Main Article Content
Abstract
Objective
To describe clinical pathways and use of the bundled care funding model, where a patient’s treatment and payment is assigned to a group of providers, among individuals who underwent a total joint arthroplasty (TJA) in Ontario. The request for this work was submitted by the Rehabilitative Care Alliance through the Applied Health Research Question (AHRQ) program.
Approach
Adults with TJA from April 1st 2018 to March 31st 2022 were included. Demographics, surgical characteristics, inclusion in bundled care, and use of health services were defined using administrative health data. Results were stratified by location of surgery (bilateral or unilateral hip, knee, or shoulder TJA).
Results
Among 152,135 individuals with TJA during the study period, 71,996 individuals (47.3%) received services through a bundled care approach. Rate of bundled care use was highest among individuals with unilateral knee TJA (52.5% in bundled care), and the lowest among individuals with shoulder TJA (13.4% in bundled care).

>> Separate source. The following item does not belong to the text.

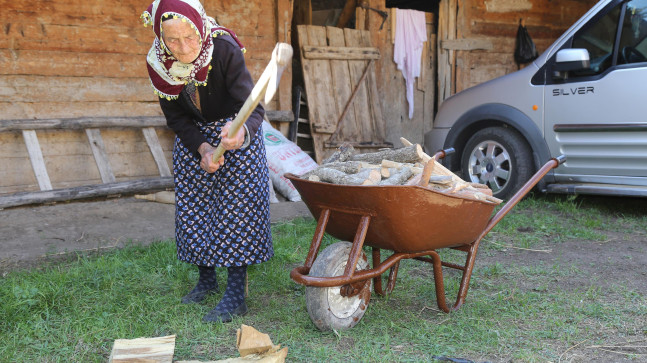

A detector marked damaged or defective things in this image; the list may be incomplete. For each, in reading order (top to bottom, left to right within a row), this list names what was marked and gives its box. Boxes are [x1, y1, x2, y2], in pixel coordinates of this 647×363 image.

rusty wheelbarrow [286, 149, 564, 332]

In fiscal year 2018, 33% of TJA patients used bundled care, in fiscal year 2019, over 50% of TJA patients used bundled care and 55% of TJA patients used bundled care by 2021. Most individuals used bundled care following an inpatient surgery (88.9% of individuals following a unilateral knee TJA) as opposed to a same day surgery (11.1% with a unilateral knee TJA).
Conclusion
The purpose of bundled care service delivery is to provide integrated healthcare delivery and therefore improved patient experience and outcomes. Understanding bundled care use may improve healthcare planning and assessment of health services.